═════ Data section ═════

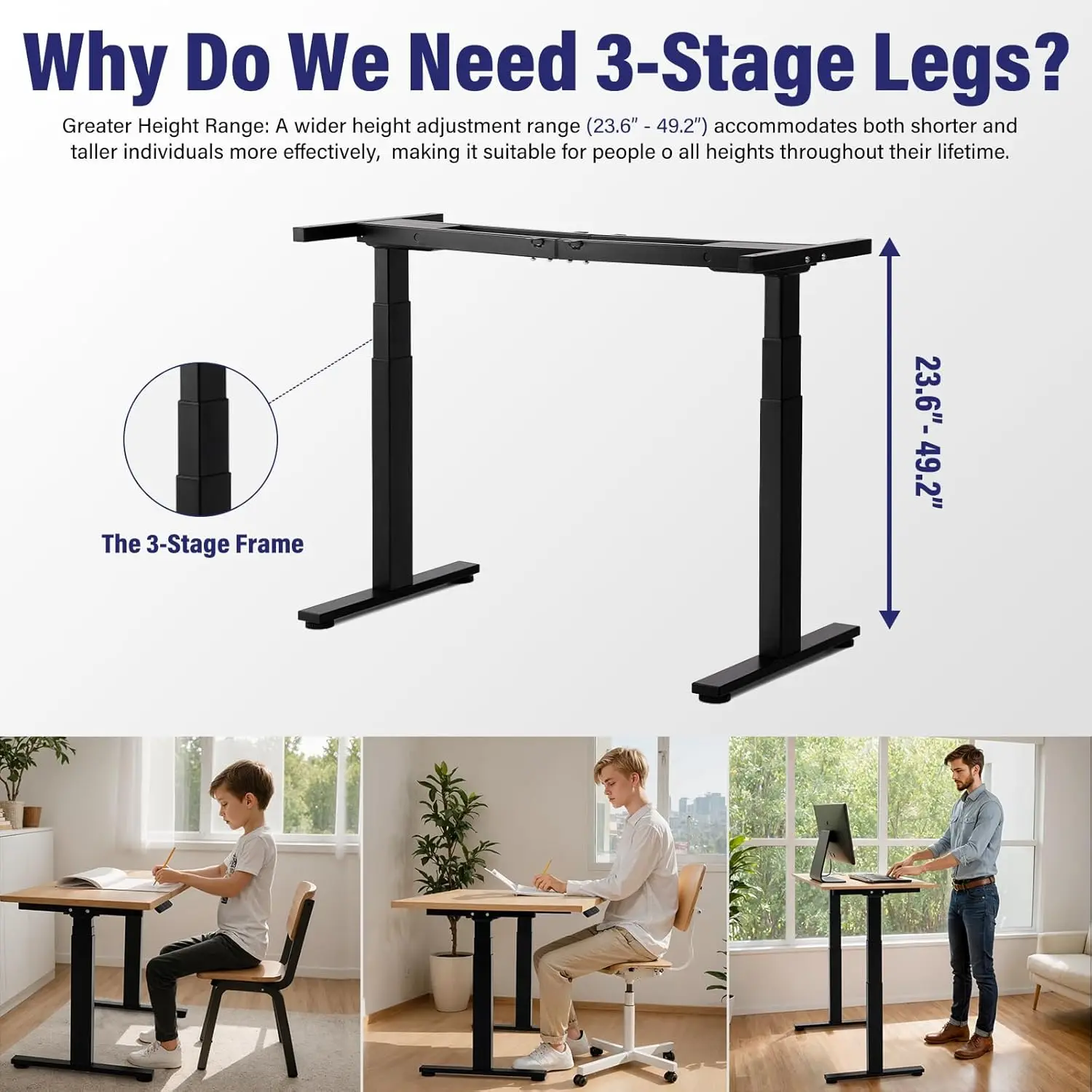 Dual Motor 3 Stage Electric Adjustable Standing Desk Frame Heavy Duty 300Lb Load Capacity For Home Office (White Frame Only)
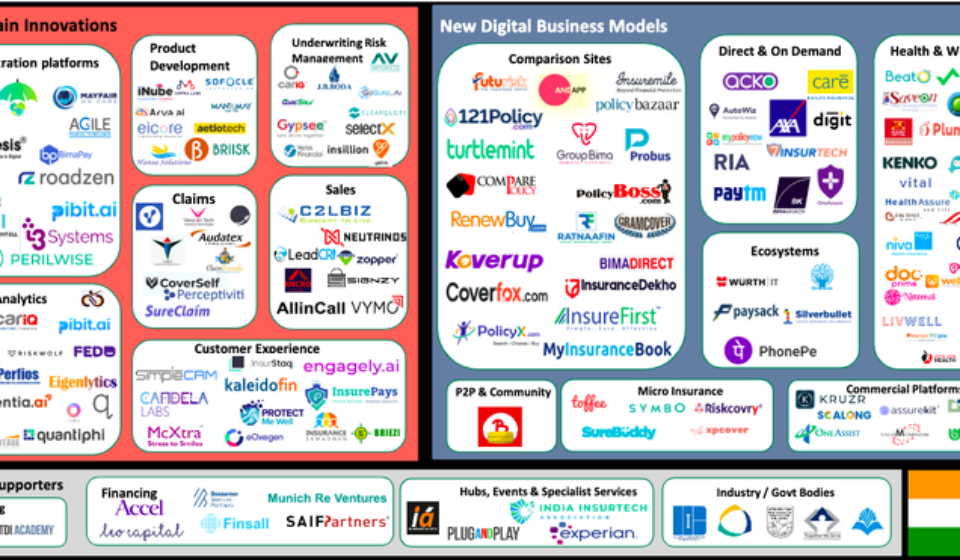 Insurtech Startup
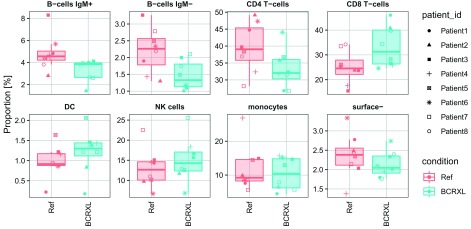 Figure 21. 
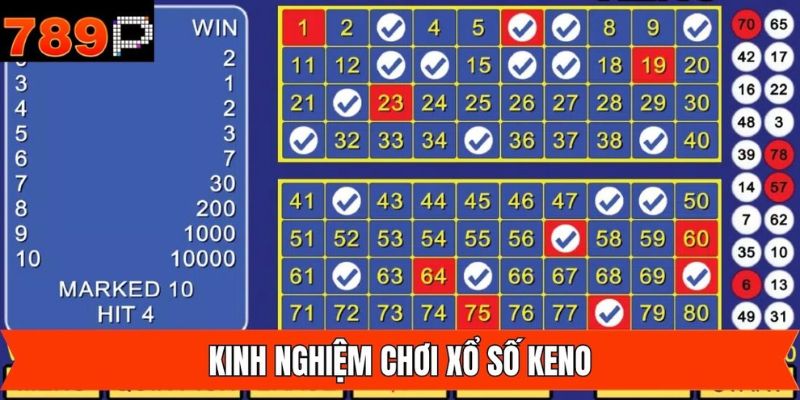 Chiến thuật hay quay thưởng gia tăng cơ hội thắng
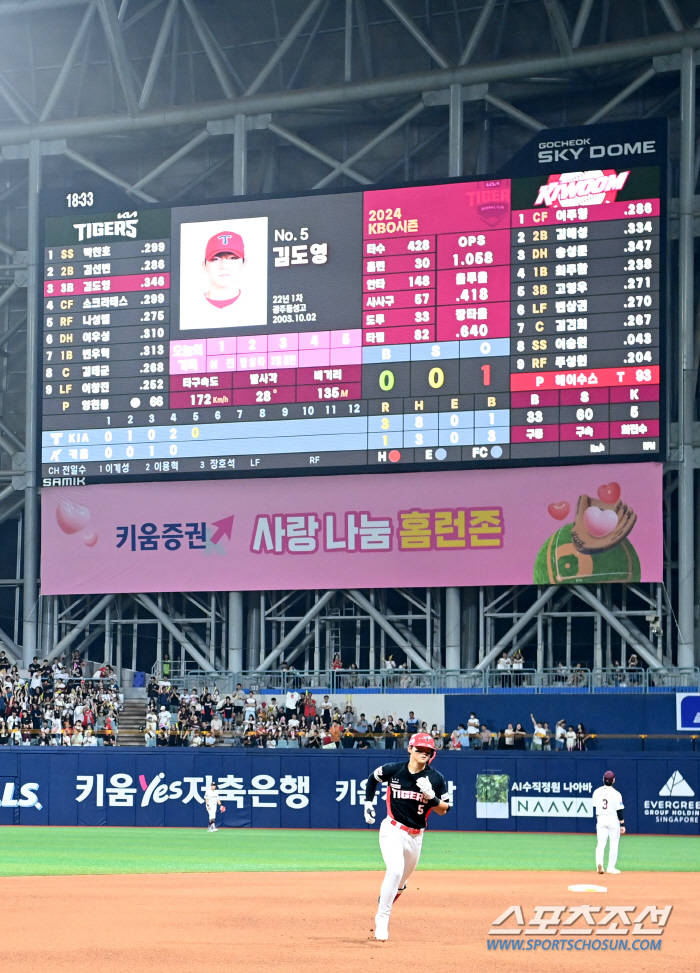 Kim Do-young's mixed bag mountain, tigers who are serious about celebrating achieving 30-30. You prepared the cake with water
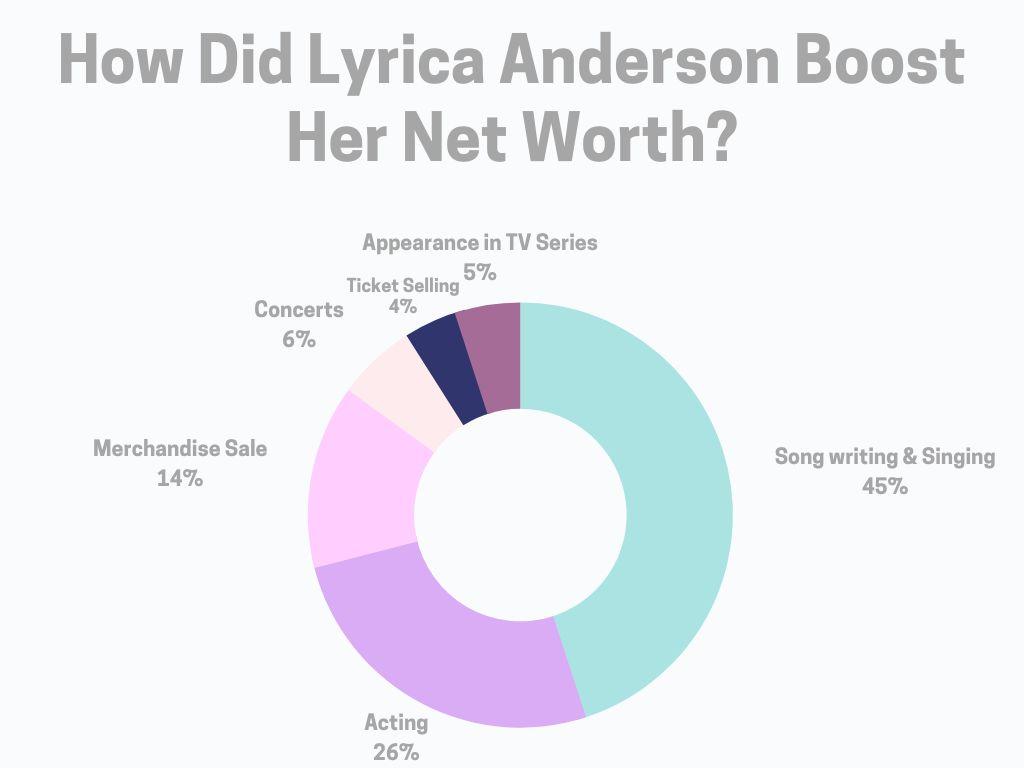 Lyrica Anderson Boost Her Net Worth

═════

◆ **Exercise aim**
Output the full set of records above without changing a word, and drop the images.

◆ **Result**
 Dual Motor 3 Stage Electric Adjustable Standing Desk Frame Heavy Duty 300Lb Load Capacity For Home Office (White Frame Only)
 Insurtech Startup
 Figure 21. 
 Chiến thuật hay quay thưởng gia tăng cơ hội thắng
 Kim Do-young's mixed bag mountain, tigers who are serious about celebrating achieving 30-30. You prepared the cake with water
 Lyrica Anderson Boost Her Net Worth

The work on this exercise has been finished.